For thousands of slum dwellers across Delhi, the looming specter of eviction is an everyday reality.

“Day after day, it’s a relentless cycle of police harassment,” said Kalki Singh, 39, a woman from the Gadia Lohar community who has lived in a makeshift hut in the south Delhi neighborhood of Chirag Dilli for decades. “The anxiety of knowing that our home could be demolished at any moment is unbearable.”

“When they[the authorities] come to demolish, they always say, ‘These people have just arrived, they are newly settled,’” Neha said. “But we haven’t just arrived. We have been here. This is our home. And if they ever ask, we need something to prove we belong.”

Bastis and a Brief History of Evictions and Demolitions 

By various estimates, 15-30% of Delhi’s population resides in low-income informal settlements—bastis—that occupy just 0.5% of the city’s land. Despite their minimal spatial footprint, residents are criminalized simply for holding on to this sliver of land.

The history of slum evictions in Delhi is rooted in decades of top-down urban planning and periodic “beautification” drives, particularly since the 1990s liberalization era, and major global events like the 2010 Commonwealth Games. Informal settlements—though often established through political patronage or municipal tolerance—are routinely labeled “encroachments” in official discourse.

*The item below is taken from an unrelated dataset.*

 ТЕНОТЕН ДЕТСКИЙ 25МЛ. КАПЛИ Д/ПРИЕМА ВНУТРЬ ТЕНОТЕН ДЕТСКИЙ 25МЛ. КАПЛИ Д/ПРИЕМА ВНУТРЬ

Courts have at times reinforced this view; the landmark 2000 Supreme Court judgment in the Almitra H. Patel case infamously described slum dwellers as “pickpockets” of urban land, strengthening the legal basis for evictions.

Legally, an eviction in India must follow due process, including giving proper notice, consulting residents, providing alternate housing or compensation, and protecting residents from violence and harassment during demolition. In practice, however, most evictions in Delhi are forced—carried out with little or no warning, without court orders, resettlement, or basic safeguards. These actions violate the right to housing, which India is obligated to uphold under the UN International Covenant on Economic, Social, and Cultural Rights.

 According to 2024 estimates by the Housing and Land Rights Network (HLRN), at least 337,990 people in Delhi are currently at risk of becoming homeless. The report also documented 49 instances of forced evictions in 2023, averaging nearly one every seven to eight days, displacing 278,796 people across the city—the highest in any location in India in the year. 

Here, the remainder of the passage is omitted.